Sources and Authority

Duty of Common Carrier. Civil Code section 2101.

“The duty of care imposed on a common carrier of passengers includes the duty to furnish safe facilities for their passage.” (Cooper v. National Railroad Passenger Corporation (1975) 45 Cal.App.3d 389, 395 [119 Cal.Rptr. 541], internal citations omitted, disapproved on other grounds in Ewing v. Cloverleaf Bowl (1978) 20 Cal.3d 389, 401 [143 Cal.Rptr. 13, 572 P.2d 1155].)

Failure to give an instruction on Civil Code section 2101 may not be error where an instruction on the “utmost care” standard is given. (Powell v. Dell-Air Aviation, Inc. (1968) 268 Cal.App.2d 451, 457–458 [74 Cal.Rptr. 3].)

The Supreme Court found error where an instruction omitted the duty to inspect: “An owner is bound to use the utmost care and diligence in the maintenance of elevators. In the fulfillment of this obligation something more than regular and frequent inspections is required. Perfunctory inspections, although regularly and frequently made, would not meet the obligation appellant owed to respondents. In order to fulfill the duty imposed upon it by law appellant was required to use due care in servicing, inspecting and maintaining the elevator and all the appliances appurtenant thereto. The instruction erroneously failed to include this requirement.” (Brown v. George Pepperdine Foundation (1943) 23 Cal.2d 256, 261 [143 P.2d 929], internal citations omitted.)

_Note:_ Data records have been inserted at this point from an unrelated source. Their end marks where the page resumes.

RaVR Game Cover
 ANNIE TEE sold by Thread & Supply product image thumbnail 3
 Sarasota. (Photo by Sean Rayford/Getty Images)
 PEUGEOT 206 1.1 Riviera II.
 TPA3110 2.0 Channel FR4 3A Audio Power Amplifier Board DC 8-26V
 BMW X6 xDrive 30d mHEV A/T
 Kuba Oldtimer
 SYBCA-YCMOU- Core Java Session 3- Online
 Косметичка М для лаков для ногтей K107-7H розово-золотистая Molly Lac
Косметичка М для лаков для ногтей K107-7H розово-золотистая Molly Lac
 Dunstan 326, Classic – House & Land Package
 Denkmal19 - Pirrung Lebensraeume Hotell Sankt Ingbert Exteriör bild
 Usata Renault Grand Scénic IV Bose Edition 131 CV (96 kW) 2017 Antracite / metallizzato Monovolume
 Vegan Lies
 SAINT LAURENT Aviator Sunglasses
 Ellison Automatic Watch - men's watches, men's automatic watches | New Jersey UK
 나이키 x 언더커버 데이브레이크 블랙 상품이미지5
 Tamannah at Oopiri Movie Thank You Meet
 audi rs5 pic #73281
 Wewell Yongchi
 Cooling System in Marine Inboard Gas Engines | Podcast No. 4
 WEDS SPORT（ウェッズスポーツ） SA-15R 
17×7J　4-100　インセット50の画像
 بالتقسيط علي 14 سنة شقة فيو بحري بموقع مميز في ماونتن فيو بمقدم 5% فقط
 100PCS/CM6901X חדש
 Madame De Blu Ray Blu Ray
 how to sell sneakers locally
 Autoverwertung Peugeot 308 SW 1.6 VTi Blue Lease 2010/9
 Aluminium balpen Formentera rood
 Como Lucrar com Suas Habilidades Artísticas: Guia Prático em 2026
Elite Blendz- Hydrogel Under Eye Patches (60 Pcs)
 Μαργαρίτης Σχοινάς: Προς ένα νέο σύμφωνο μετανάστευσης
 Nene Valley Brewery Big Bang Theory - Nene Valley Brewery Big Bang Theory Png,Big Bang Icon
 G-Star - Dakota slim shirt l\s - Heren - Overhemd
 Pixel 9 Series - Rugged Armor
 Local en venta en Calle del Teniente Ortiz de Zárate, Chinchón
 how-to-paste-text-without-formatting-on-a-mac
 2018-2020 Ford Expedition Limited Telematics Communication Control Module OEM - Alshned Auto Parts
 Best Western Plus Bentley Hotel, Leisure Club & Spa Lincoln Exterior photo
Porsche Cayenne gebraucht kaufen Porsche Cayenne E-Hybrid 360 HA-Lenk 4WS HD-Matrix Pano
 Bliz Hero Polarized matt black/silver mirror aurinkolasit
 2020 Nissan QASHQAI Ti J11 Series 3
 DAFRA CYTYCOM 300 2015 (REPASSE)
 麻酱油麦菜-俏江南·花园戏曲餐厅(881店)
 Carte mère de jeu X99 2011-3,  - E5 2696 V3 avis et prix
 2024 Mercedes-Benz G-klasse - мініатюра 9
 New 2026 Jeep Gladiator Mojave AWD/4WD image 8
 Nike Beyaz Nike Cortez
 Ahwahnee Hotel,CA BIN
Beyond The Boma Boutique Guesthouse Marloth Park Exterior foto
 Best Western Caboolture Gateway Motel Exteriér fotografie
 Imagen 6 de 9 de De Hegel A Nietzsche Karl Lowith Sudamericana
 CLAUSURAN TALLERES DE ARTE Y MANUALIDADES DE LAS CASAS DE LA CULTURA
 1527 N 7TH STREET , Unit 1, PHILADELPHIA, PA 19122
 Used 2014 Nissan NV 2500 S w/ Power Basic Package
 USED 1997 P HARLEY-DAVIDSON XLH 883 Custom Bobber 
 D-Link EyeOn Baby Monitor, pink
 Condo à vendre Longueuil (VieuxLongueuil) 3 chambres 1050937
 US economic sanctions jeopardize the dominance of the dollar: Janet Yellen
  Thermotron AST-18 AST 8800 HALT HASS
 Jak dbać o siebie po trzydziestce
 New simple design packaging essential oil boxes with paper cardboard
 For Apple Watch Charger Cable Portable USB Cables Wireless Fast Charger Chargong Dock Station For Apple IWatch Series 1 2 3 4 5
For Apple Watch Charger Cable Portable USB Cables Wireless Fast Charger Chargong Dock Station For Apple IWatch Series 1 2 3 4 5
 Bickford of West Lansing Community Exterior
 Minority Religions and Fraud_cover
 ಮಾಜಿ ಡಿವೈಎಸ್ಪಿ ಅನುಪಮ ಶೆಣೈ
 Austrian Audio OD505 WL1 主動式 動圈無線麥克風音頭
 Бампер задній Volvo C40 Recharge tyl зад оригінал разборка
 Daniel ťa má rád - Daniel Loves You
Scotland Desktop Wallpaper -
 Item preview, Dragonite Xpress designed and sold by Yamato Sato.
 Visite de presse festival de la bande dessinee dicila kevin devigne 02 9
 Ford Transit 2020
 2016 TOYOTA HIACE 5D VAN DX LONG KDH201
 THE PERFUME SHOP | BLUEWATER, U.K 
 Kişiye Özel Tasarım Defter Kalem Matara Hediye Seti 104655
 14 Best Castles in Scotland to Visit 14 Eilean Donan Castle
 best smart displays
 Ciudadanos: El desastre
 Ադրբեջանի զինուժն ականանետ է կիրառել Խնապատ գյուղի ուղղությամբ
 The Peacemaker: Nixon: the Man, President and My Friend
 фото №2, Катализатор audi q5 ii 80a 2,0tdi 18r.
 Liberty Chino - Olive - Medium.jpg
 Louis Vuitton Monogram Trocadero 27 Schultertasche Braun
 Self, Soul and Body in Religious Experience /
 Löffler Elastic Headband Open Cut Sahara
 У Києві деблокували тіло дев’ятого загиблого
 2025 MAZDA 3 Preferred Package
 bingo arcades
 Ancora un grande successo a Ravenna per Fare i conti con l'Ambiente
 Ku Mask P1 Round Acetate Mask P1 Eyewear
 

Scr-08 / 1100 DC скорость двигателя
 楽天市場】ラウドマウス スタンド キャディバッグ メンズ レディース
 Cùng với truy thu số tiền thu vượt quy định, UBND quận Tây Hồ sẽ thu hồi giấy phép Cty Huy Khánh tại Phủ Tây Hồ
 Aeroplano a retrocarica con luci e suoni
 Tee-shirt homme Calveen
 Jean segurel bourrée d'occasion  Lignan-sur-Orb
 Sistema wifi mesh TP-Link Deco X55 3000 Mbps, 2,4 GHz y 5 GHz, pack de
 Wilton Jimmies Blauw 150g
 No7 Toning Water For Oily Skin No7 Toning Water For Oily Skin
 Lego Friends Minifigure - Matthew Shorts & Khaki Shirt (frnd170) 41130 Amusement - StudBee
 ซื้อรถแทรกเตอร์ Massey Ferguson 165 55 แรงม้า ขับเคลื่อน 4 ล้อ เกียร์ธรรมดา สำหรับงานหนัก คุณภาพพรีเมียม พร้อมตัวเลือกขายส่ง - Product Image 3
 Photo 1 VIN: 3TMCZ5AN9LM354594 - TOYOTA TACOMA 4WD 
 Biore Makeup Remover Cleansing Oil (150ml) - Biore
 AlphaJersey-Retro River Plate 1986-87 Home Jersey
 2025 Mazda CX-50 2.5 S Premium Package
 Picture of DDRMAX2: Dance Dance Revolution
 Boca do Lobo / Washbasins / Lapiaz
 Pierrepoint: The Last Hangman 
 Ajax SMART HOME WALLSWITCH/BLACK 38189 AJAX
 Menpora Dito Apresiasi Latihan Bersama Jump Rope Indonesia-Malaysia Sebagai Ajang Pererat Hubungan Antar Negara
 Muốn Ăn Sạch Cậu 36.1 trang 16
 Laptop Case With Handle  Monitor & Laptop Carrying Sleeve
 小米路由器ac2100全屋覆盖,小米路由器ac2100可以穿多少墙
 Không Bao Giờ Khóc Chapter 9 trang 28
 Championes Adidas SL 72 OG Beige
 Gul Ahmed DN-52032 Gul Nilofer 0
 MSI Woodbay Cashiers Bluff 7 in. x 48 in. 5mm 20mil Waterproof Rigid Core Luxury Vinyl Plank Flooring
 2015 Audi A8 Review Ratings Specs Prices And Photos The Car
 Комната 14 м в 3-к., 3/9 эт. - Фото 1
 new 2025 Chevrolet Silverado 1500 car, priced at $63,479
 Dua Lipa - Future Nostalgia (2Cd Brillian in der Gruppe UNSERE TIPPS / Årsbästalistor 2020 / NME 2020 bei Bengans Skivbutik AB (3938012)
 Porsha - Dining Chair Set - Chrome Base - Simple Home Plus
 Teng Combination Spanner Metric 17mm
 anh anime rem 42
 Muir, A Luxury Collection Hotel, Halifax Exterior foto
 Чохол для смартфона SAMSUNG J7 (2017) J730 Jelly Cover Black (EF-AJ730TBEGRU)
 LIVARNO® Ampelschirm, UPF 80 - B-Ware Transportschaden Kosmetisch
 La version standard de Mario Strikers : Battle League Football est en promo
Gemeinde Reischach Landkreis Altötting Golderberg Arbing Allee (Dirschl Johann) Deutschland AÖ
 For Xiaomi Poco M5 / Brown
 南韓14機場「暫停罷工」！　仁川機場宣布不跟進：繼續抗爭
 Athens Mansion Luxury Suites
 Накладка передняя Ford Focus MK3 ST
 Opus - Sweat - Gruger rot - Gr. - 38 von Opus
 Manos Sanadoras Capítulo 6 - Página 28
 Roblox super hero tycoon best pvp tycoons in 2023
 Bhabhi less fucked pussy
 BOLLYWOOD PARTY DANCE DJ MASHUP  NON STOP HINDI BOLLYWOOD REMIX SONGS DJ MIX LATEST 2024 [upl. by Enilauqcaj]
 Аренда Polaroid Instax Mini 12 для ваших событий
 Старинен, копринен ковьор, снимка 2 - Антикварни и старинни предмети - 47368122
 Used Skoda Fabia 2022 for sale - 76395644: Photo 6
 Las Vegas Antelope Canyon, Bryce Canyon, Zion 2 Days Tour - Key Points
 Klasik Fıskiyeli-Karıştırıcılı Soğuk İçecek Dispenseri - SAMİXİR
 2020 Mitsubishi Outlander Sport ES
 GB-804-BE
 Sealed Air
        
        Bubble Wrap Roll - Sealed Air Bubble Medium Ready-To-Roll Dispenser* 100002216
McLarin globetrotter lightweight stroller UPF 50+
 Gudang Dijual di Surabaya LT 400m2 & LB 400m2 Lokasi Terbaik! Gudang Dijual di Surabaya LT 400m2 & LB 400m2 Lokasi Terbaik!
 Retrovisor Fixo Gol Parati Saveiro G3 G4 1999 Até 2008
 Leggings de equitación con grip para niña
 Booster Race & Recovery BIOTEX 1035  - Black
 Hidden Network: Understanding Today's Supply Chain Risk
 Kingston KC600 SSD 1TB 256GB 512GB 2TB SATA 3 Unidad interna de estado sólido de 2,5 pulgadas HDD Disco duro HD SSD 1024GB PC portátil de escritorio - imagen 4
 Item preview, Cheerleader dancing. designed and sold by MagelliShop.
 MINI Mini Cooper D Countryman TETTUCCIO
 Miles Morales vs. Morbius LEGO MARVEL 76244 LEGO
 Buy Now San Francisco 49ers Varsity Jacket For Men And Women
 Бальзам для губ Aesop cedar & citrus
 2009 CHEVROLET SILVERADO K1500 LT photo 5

“The [equipment] must, therefore, under the standard of utmost care required of a carrier, be constructed, maintained and operated with the purpose and design to prevent injury … .” (Vandagriff v. J.C. Penney (1964) 228 Cal.App.2d 579, 582 [39 Cal.Rptr. 671].)

Notice of defect is required where the carrier did not create dangerous condition: “In our view, the high degree of care required of a common carrier might impose a greater duty to inspect and thus make notice or knowledge more easily established, but the concept of the carrier’s legal responsibility does not exclude the factor of notice or knowledge. The weight of authority supports the proposition that, in cases such as the instant one, actual or constructive notice is a prerequisite to the carrier’s liability.” (Gray v. City and County of San Francisco (1962) 202 Cal.App.2d 319, 330–331 [20 Cal.Rptr. 894].)

Common carriers “must keep pace with science and art and modern improvement in their application to the carriage of passengers.” (Greyhound Lines, Inc. v. Superior Court (1970) 3 Cal.App.3d 356, 359 [83 Cal.Rptr. 343], citing Treadwell v. Whittier (1889) 80 Cal. 574, 592, 600 [22 P. 266].)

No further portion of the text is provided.